- Task
How many lines in the entries below contain the word "Sport"? Answer with the number and nothing else.
--- Excerpted records Enclosed Below ---
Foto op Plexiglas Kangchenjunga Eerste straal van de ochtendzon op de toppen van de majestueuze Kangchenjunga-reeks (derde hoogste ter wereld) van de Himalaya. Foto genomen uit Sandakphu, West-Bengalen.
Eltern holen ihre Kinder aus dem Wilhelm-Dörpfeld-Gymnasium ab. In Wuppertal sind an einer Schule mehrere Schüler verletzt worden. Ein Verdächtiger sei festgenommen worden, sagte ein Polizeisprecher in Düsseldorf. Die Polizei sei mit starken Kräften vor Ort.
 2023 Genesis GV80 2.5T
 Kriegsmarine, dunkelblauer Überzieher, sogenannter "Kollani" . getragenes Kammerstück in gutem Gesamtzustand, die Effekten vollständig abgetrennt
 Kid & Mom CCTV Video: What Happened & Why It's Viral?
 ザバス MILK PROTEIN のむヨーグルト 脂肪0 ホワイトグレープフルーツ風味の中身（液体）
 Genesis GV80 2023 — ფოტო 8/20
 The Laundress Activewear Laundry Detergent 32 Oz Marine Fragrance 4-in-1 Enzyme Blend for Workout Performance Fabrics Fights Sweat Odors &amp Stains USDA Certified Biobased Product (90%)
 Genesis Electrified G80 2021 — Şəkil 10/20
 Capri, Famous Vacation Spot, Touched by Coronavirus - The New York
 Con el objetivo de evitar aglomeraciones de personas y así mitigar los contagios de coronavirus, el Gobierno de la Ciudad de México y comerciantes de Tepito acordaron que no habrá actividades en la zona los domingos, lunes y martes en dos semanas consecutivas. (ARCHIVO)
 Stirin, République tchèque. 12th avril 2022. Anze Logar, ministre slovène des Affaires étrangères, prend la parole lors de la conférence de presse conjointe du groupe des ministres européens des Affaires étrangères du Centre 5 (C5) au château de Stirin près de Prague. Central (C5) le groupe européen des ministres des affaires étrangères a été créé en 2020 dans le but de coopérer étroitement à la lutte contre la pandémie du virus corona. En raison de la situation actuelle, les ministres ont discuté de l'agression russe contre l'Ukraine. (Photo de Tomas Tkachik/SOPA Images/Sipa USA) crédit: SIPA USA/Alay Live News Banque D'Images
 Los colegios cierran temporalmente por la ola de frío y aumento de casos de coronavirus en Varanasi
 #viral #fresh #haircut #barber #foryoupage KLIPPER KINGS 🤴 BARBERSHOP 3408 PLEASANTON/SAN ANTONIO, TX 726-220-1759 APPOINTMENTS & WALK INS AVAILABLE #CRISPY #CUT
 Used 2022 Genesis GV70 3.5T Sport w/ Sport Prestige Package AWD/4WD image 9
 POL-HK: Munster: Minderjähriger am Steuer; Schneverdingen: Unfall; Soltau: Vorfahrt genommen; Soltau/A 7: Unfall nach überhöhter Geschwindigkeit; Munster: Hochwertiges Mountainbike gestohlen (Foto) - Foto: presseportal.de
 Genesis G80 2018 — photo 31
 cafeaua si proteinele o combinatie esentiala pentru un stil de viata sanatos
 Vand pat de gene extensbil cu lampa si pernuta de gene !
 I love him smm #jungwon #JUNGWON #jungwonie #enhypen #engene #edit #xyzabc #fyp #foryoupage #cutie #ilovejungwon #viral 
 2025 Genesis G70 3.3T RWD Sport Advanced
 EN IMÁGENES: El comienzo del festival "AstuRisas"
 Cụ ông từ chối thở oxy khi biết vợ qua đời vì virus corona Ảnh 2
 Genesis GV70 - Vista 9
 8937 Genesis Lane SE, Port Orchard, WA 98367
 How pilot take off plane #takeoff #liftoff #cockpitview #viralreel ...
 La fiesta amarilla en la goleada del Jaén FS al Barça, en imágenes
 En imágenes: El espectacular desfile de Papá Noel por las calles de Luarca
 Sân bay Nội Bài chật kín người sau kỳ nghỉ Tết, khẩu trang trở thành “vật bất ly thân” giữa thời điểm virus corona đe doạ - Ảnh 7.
--- End of Enclosed Excerpted records ---
- Solution to this problem
2